Retrospective — Deep Learning System Design

The mind’s limit

Earlier this year, I read The Age of AI, by Henry Kissinger, Eric Schmidt and Daniel Huttenlocher. They argue that in human history there have been two ways of knowing — faith and reason — and that artificial intelligence represents the third way of knowing.

... we are entering a new epoch in which the reasoning human mind is yielding its pride of place as the sole discoverer, knower and cataloger of the world's phenomena.

Chapter 1, The Age of AI

While I see AI more as an advanced form of reason, with more empirical evidence available for consideration, than an entirely new way of knowing, splitting hairs is unhelpful. Their insight — that AI forces us to confront the question of whether there are forms of reason inaccessible to the human mind — is both fascinating and important.

I’ve worked with or adjacent to ML for many years, but I dedicated the past four years (i.e. 100 AI years) of my career to another emerging digital technology domain that has, in my view, a comparable potential to reshape how civilization works. Over time, though, I’ve come to view “Web3” as a social innovation, rather than a technological one. Web3 systems — especially smart contracts — don’t offer any new functionality. But they do shift the way we form digitally-intermediated trust relationships in subtle-yet-profound ways. (More on this in a future post.)

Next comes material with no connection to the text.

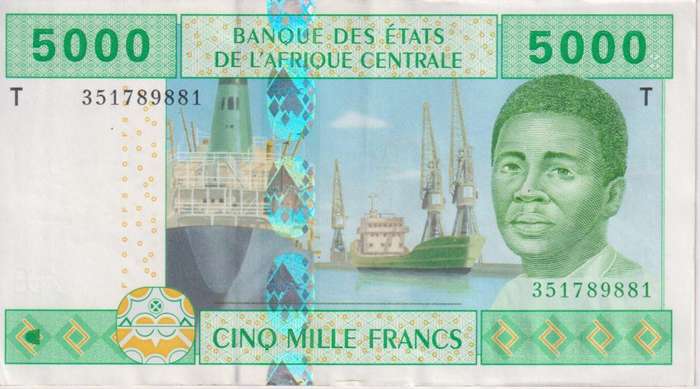 WEST AFRICAN STATES - TOGO - 5,000 FRANCS  2002  P09T XF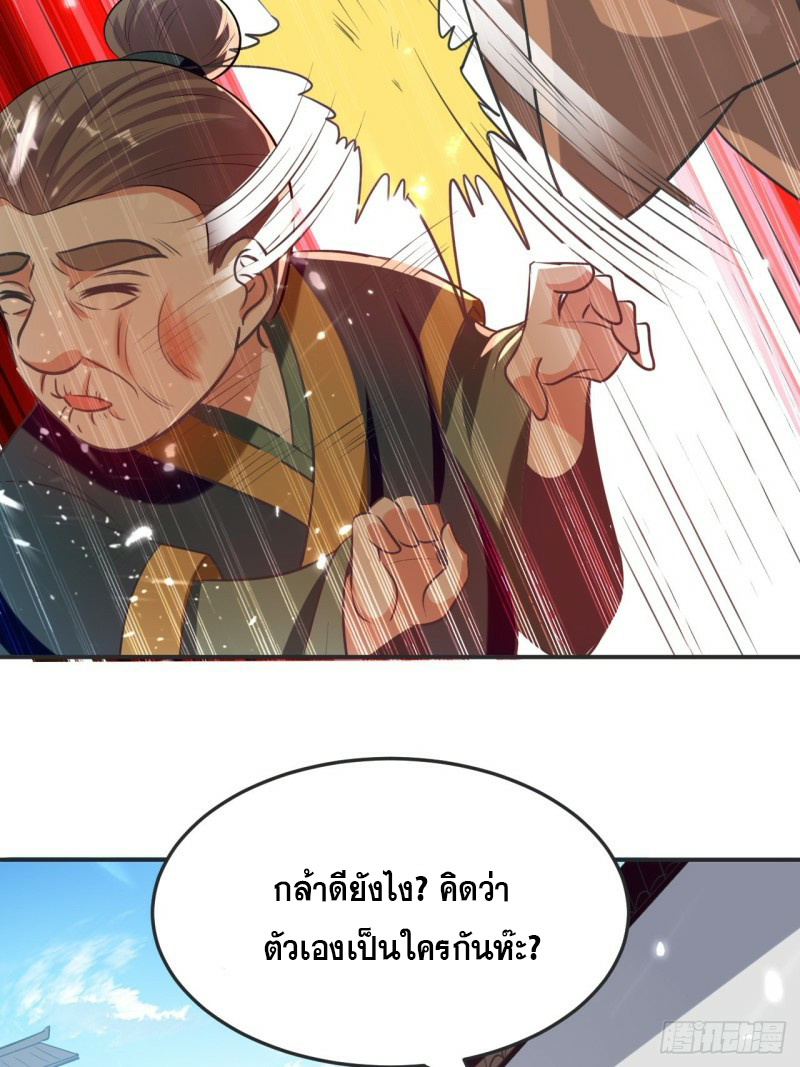 The ultimate son-in-law from different world ตอนที่ 77 หน้า 28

On the other hand, every month AI systems present astounding advancements in what we thought computers were capable of, and even skeptical outlooks concede that major leaps forward in the capabilities of AI systems are expected in the coming years.

Learning how to learn

So, to get up to speed, over the last eight weeks, I participated in an immersive coding program — Deep Learning System Design with the Machine Learning Institute (MLX) in London. MLX offers a hands-on training experience aimed at experienced software engineers designed to bridge theory and real-world application. Rather than focusing solely on lecture-based instruction, this bootcamp introduced new concepts through peer learning-driven, practical, end-to-end projects. From working with word embeddings for language tasks to experimenting with transformer architectures, every module emphasized coding, iteration, exploration and deployment.

During this intensive period, we moved through a series of time-constrained practical challenges. Some weeks focused on structuring neural networks for language understanding, while others took us into the realm of semantic search or image captioning with transformers. Each project was grounded in reproducible MLOps workflows, modern tooling for experiment tracking, and scalable deployment architectures. By the end, I had touched on all parts of the machine learning pipeline — from data ingestion and preprocessing to model deployment on containerized platforms.

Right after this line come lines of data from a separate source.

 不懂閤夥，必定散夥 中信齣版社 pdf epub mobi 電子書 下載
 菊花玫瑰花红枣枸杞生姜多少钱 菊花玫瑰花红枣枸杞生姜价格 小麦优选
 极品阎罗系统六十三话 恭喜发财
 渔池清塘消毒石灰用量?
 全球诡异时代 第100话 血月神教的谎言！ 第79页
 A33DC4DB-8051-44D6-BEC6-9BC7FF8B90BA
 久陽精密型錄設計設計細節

Besides the theoretical fundamentals of modern deep learning systems, the most valuable lesson I took away was understanding how modular design and robust, highly organized engineering practices fundamentally shape the success of deep learning projects. Without systematic, tidy coding habits, implementing (for example) a transformer from scratch in a few days is very tricky — I saw first-hand how a well-structured codebase and automated tooling can turn complicated research code into something that’s maintainable, scalable, and ready for collaboration.

No cutting corners

Throughout the program, one of my most formative struggles wasn’t just solving a particular bug or tuning a finicky hyperparameter — it was grappling with the underlying complexity of deep learning architectures. Rather than relying immediately on high-level frameworks or pre-trained foundation models, we spent time building seminal model components line by line. This sometimes felt slow and error-prone, especially when I knew I could achieve a “quick fix” by turning to the abundant open-source code and PyTorch utilities out there. Yet, this deliberate choice to implement key innovations from scratch yielded understanding, rather than imitation.

I’ve come to realize that, realistically, I’m not going to compete with the cutting-edge models being released from the large AI labs — nor do I need to. My future work lies in applied AI products — especially those leveraging geospatial data. This will involve rapid prototyping that uses API-based inference and fine-tuning existing large models to serve specific tasks or datasets. Even if most of my day-to-day work involves orchestrating pre-trained models rather than painstakingly crafting each transformer layer from scratch, the depth of understanding I gained from getting into the details is invaluable. Because I’ve worked directly with these architectures at a relatively low level, I’m far better equipped now to use relevant pieces of larger models, interpret model outputs, identify bottlenecks, and interact with foundation models in a much more insightful, precise and confident way.

Gaps + Critiques

While the program offered a strong technical foundation, there were areas I believe merited more attention. In particular, the ethical dimensions of deep learning systems went largely unexplored. I understand the program’s emphasis on hands-on, rapid building, and loved that we dove straight in. Still, I see the (unsaid at MLX) belief that “we don’t have time to talk about the why, how and if we even should” all too often. I am concerned that giving deep consideration to the systems we’re building seems to be seen as a competitive disadvantage — a waste of time — rather than the moral responsibility we hold as system designers.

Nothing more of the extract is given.